Il team sta continuando a indagare su questa linea di ricerca con più progetti in laboratorio. Hanno in programma di convalidare questo approccio meccanoterapeutico in animali più grandi, con l’obiettivo di poterne testare l’efficacia sull’uomo. Sperano anche di testarlo su diversi tipi di lesioni, perdita muscolare legata all’età e miglioramento delle prestazioni muscolari.
“I campi della meccanoterapia e dell’immunoterapia raramente interagiscono tra loro, ma questo lavoro è una testimonianza di quanto sia cruciale considerare sia gli elementi fisici che quelli biologici quando si studia e si lavora per migliorare la salute umana”, ha affermato Mooney, che è l’autore corrispondente di il documento e il Professore di Bioingegneria della famiglia Robert P. Pinkas presso SEAS.
“L’idea che la meccanica influenzi la funzione cellulare e tissutale è stata ridicolizzata fino agli ultimi decenni, e mentre gli scienziati hanno fatto grandi passi avanti per stabilire l’accettazione di questo fatto, sappiamo ancora molto poco su come questo processo funzioni effettivamente a livello di organo.
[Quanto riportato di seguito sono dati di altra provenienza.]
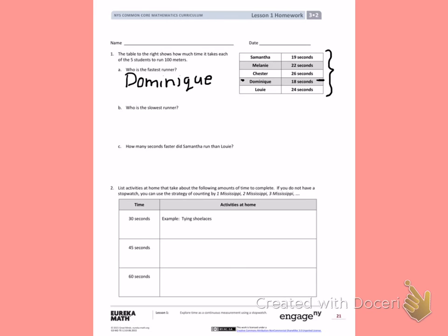Who is the slowest runner? I want to look at my chart and find the longest time. Look at your chart and find the longest time — the person with the longest time was the slowest runner. Write their name down under letter B.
Questa ricerca ha rivelato un tipo di interazione precedentemente sconosciuto tra meccanobiologia e immunologia che è fondamentale per la guarigione del tessuto muscolare, oltre a descrivere una nuova forma di meccanoterapia che potenzialmente potrebbe essere potente quanto le terapie chimiche o geniche, ma molto più semplice e meno invasiva, ” ha affermato il direttore fondatore di Wyss Don Ingber , MD, Ph.D., che è anche Judah Folkman Professor of Vascular Biology at (HMS) e il Vascular Biology Program presso il Boston Children’s Hospital, nonché Professore di Bioingegneria presso SEAS.